For this exercise, repeat exactly the lines below starting at the line holding "Metalni okvir kreveta" and ending at the line holding "Louis Vuitton Koi", both included, with no extra lines and no pictures.

◆ SOURCE MATERIAL:

%%

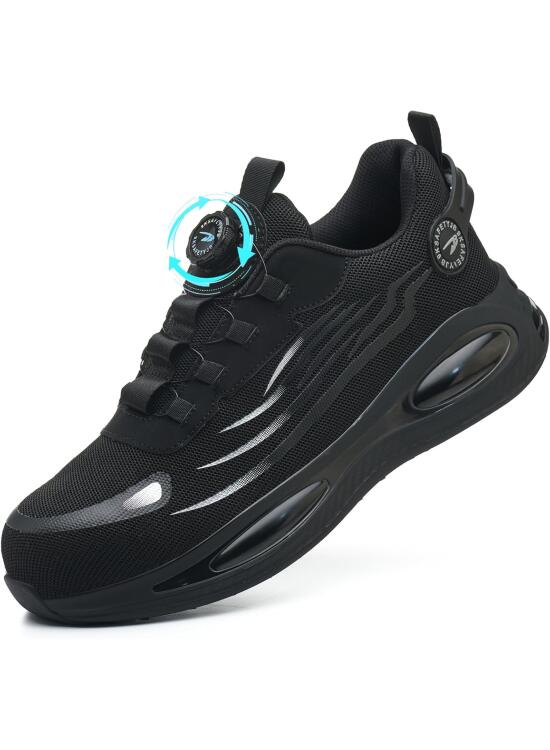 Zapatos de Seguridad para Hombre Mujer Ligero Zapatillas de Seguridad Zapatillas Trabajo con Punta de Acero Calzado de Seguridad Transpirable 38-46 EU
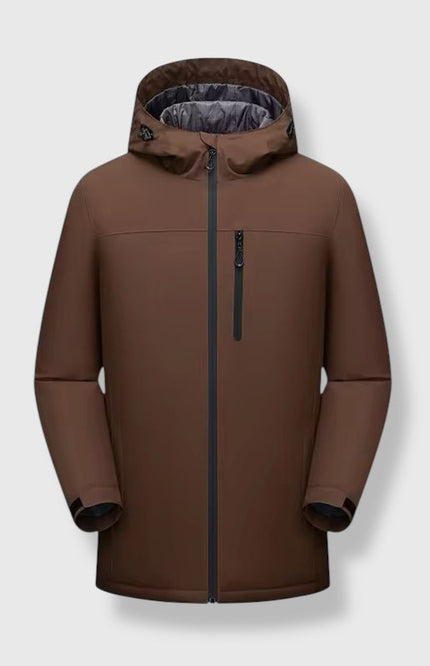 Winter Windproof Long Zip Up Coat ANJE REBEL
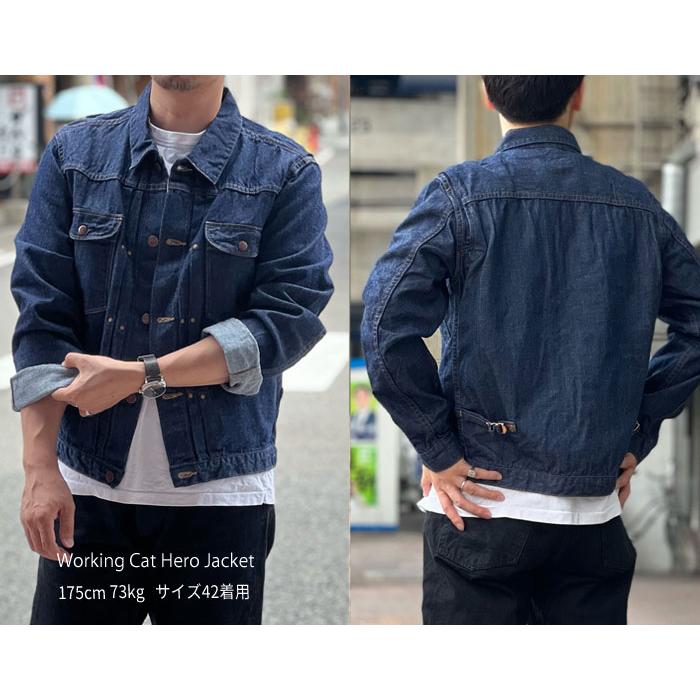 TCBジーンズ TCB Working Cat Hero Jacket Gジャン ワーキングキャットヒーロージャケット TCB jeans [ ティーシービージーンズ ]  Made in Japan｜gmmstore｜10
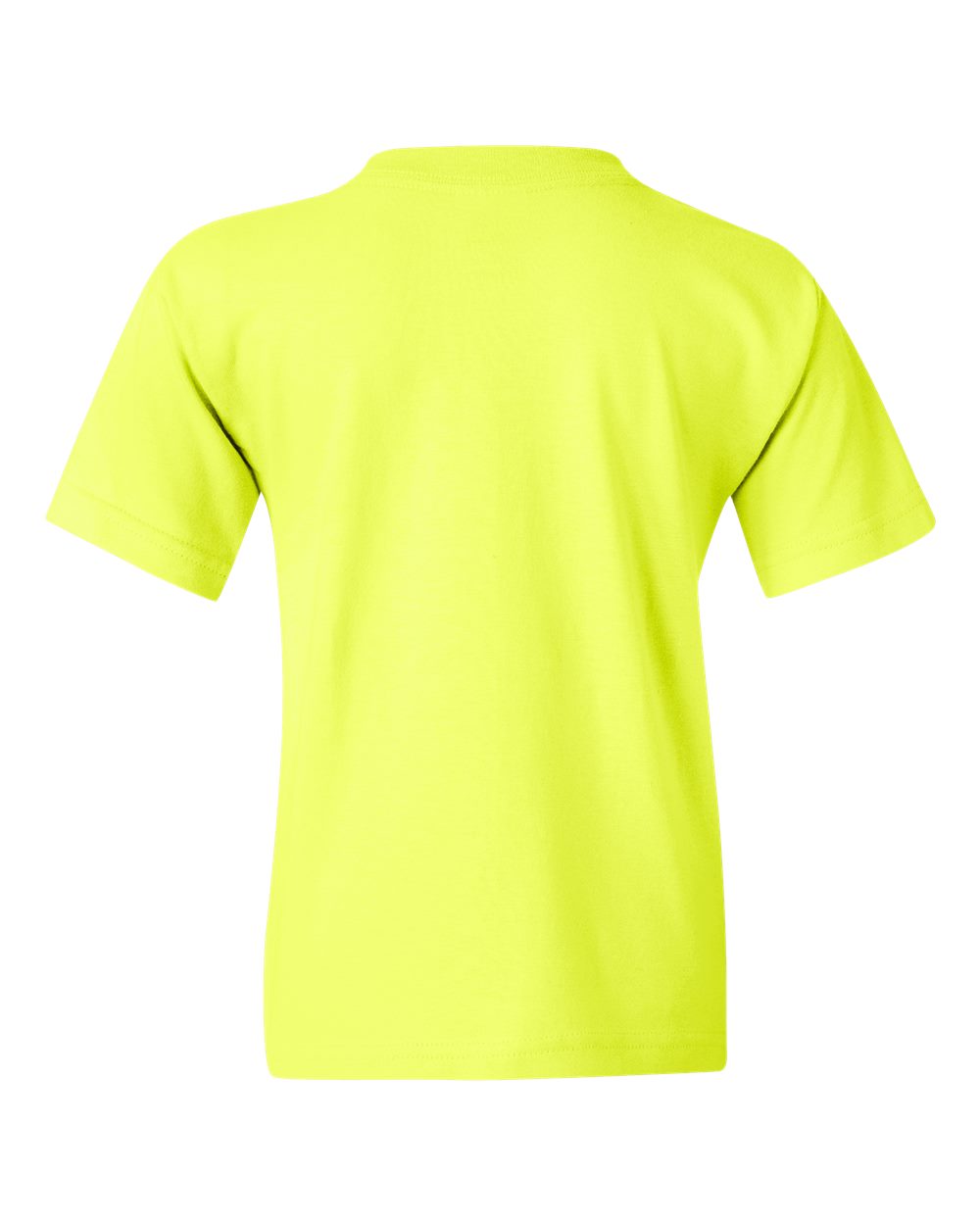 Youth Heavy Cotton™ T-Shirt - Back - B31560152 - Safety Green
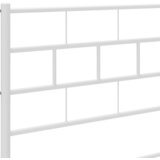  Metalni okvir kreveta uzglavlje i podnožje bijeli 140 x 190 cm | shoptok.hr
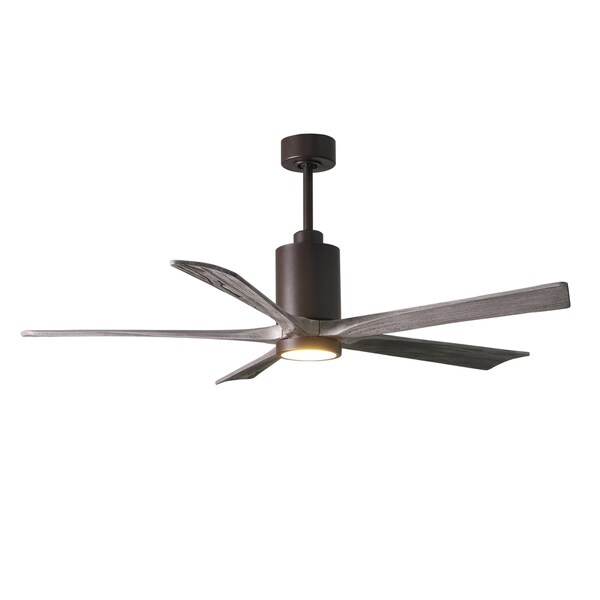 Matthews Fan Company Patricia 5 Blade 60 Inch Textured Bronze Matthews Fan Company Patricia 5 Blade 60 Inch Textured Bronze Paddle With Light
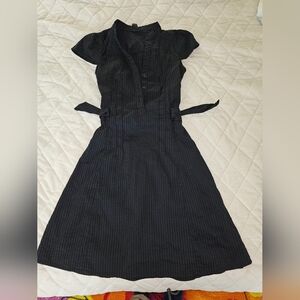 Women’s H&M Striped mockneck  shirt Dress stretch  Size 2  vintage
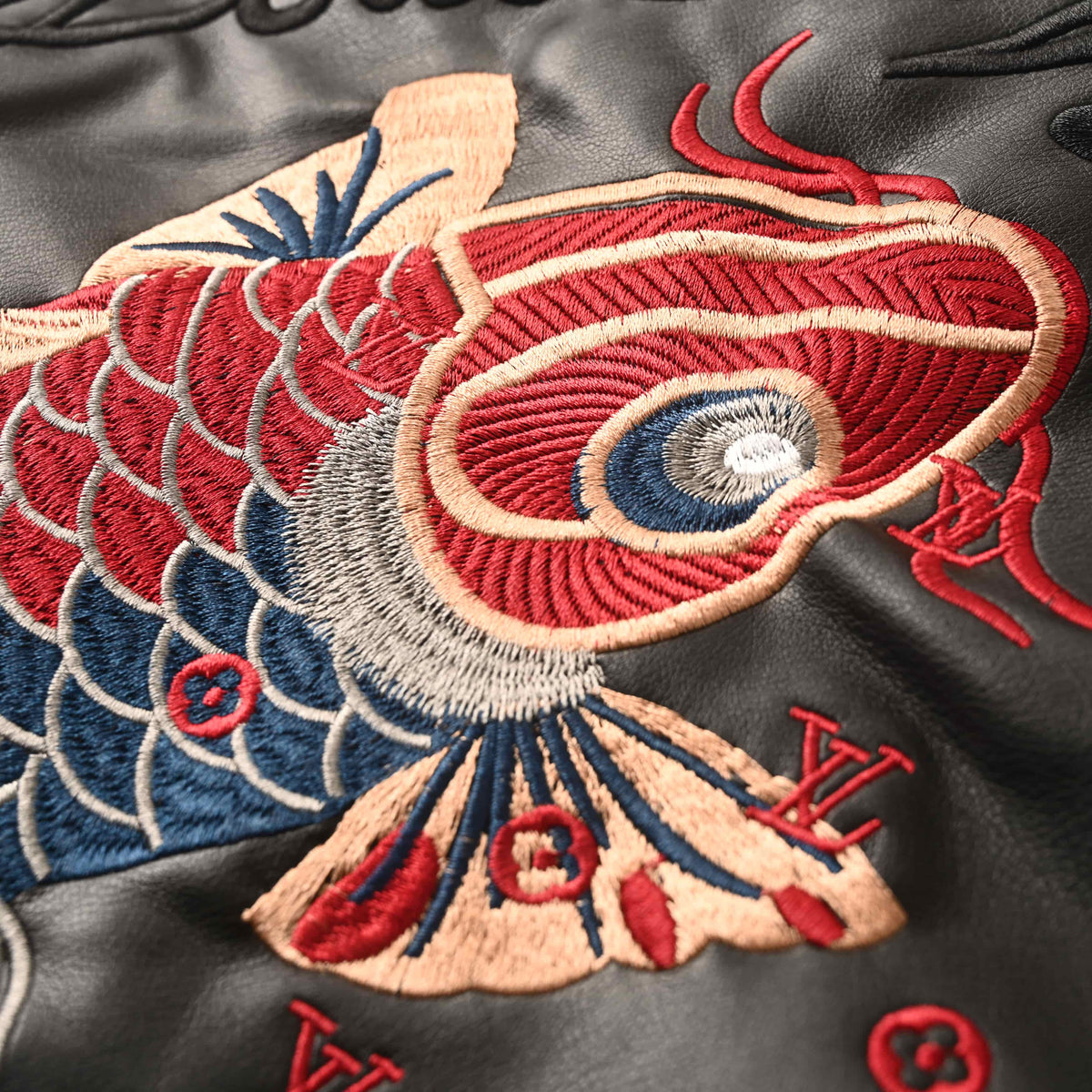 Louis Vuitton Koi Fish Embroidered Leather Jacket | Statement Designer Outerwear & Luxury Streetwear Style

%%
%%

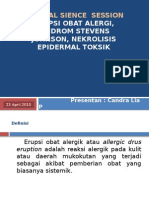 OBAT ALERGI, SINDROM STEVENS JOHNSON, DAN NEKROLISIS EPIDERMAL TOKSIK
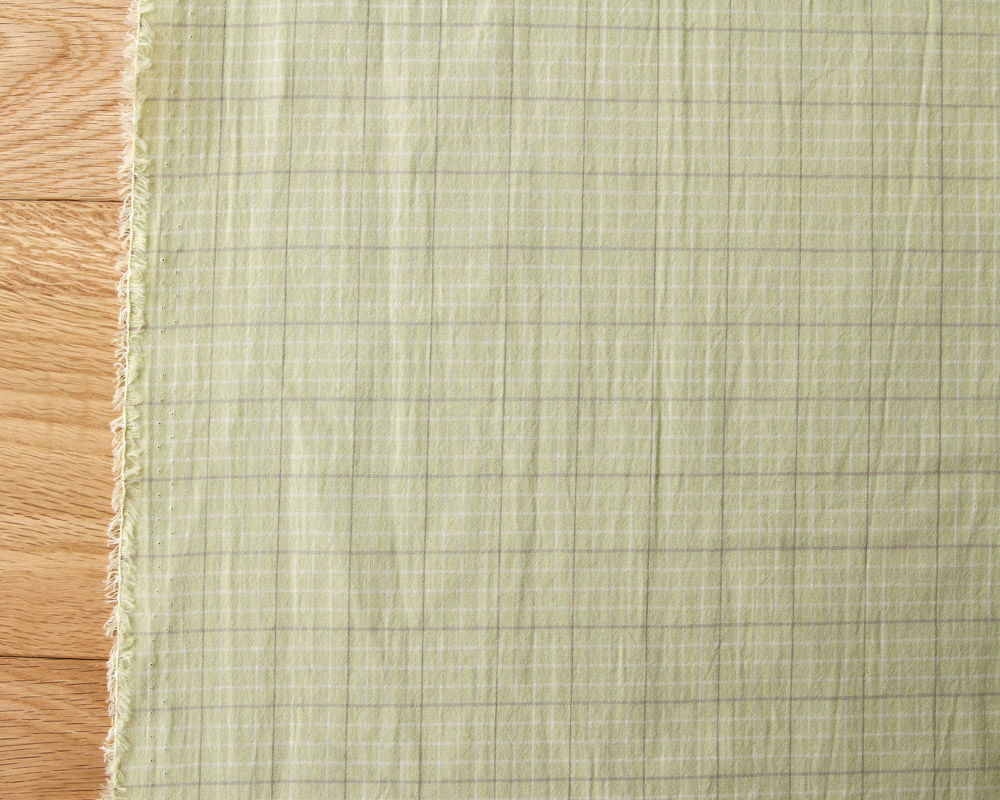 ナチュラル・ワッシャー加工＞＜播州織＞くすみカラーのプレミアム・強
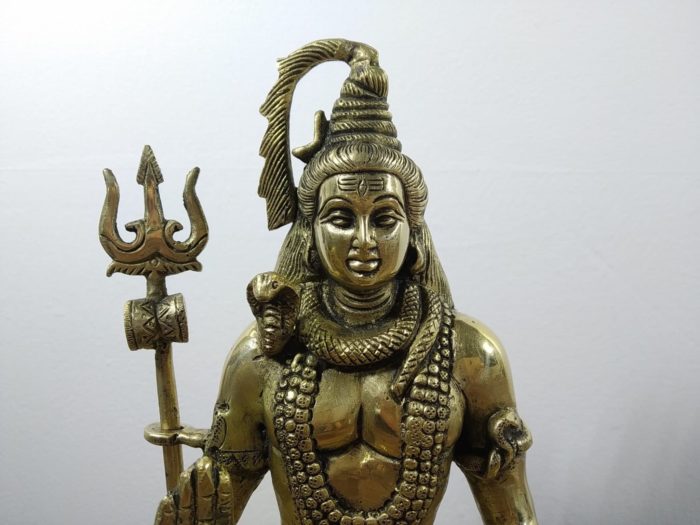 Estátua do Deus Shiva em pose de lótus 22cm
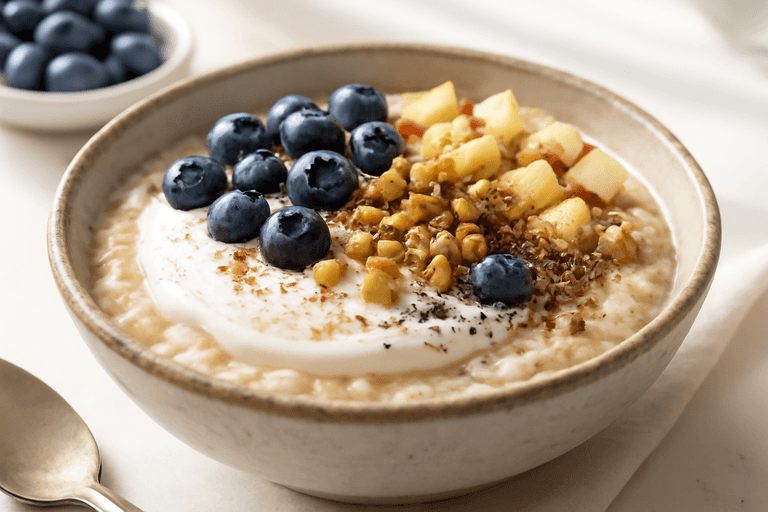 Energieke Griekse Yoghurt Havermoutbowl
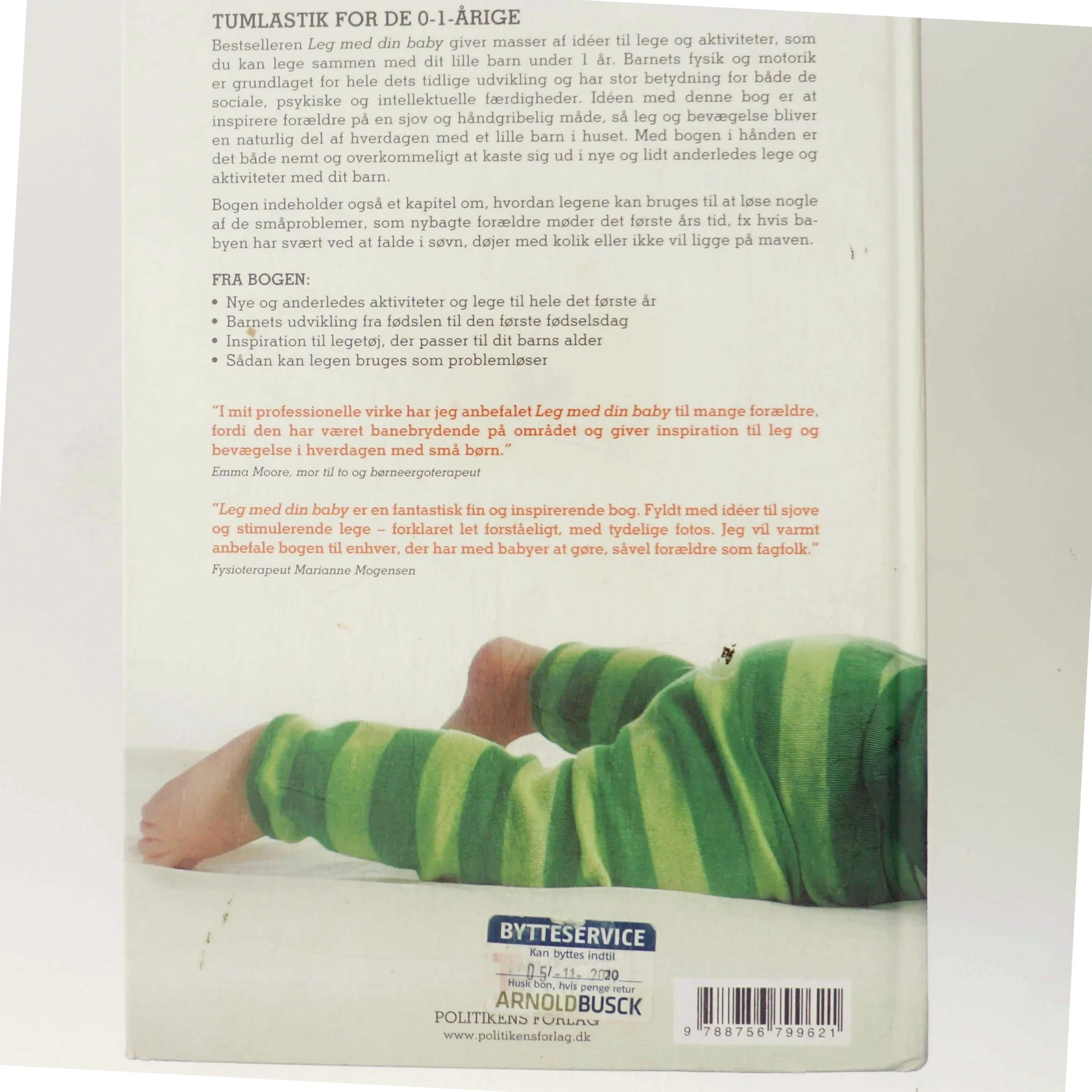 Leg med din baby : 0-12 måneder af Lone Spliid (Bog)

%%
%%

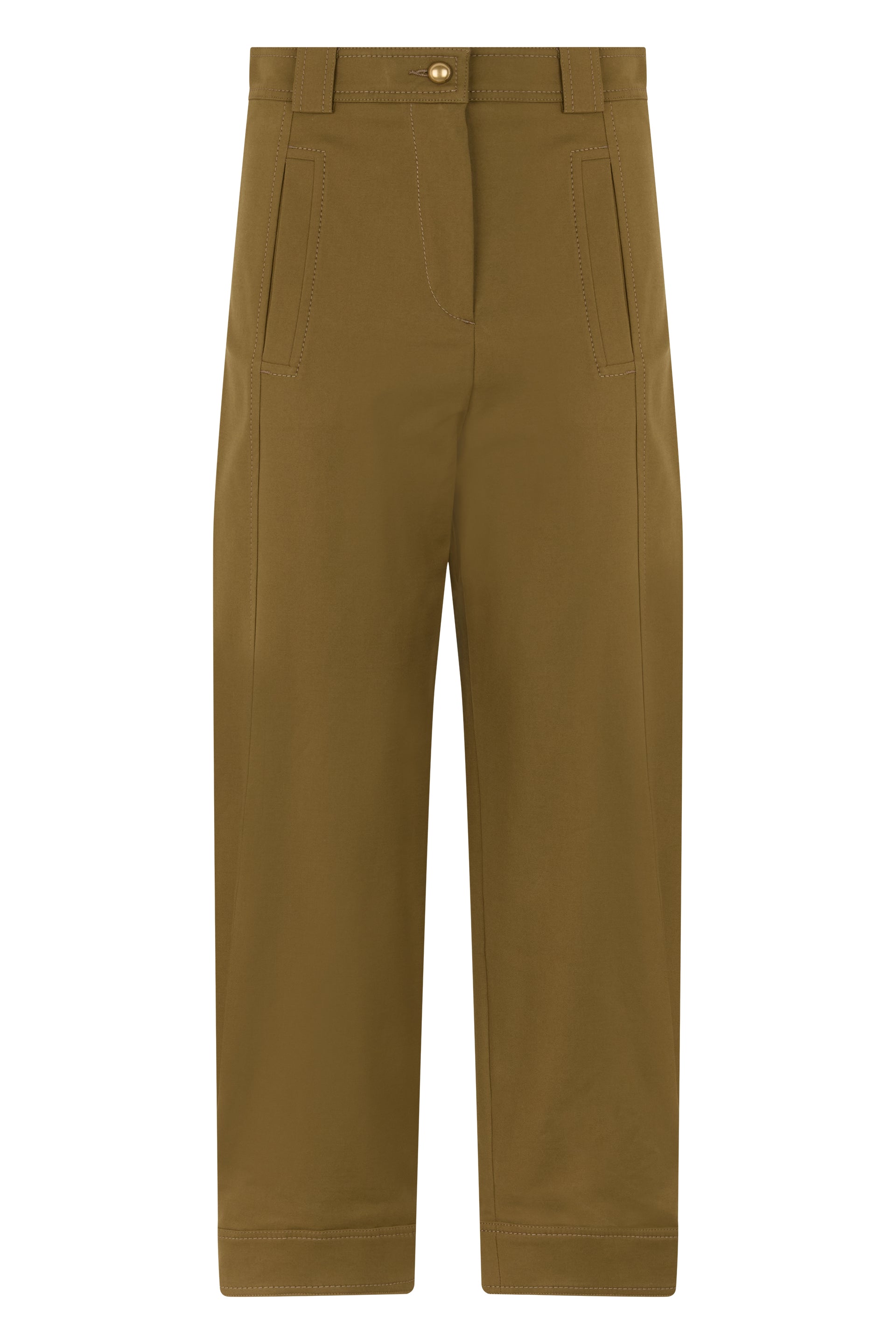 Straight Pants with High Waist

%%

◆ OUTPUT:
  Metalni okvir kreveta uzglavlje i podnožje bijeli 140 x 190 cm | shoptok.hr
 Matthews Fan Company Patricia 5 Blade 60 Inch Textured Bronze Matthews Fan Company Patricia 5 Blade 60 Inch Textured Bronze Paddle With Light
 Women’s H&M Striped mockneck  shirt Dress stretch  Size 2  vintage
 Louis Vuitton Koi Fish Embroidered Leather Jacket | Statement Designer Outerwear & Luxury Streetwear Style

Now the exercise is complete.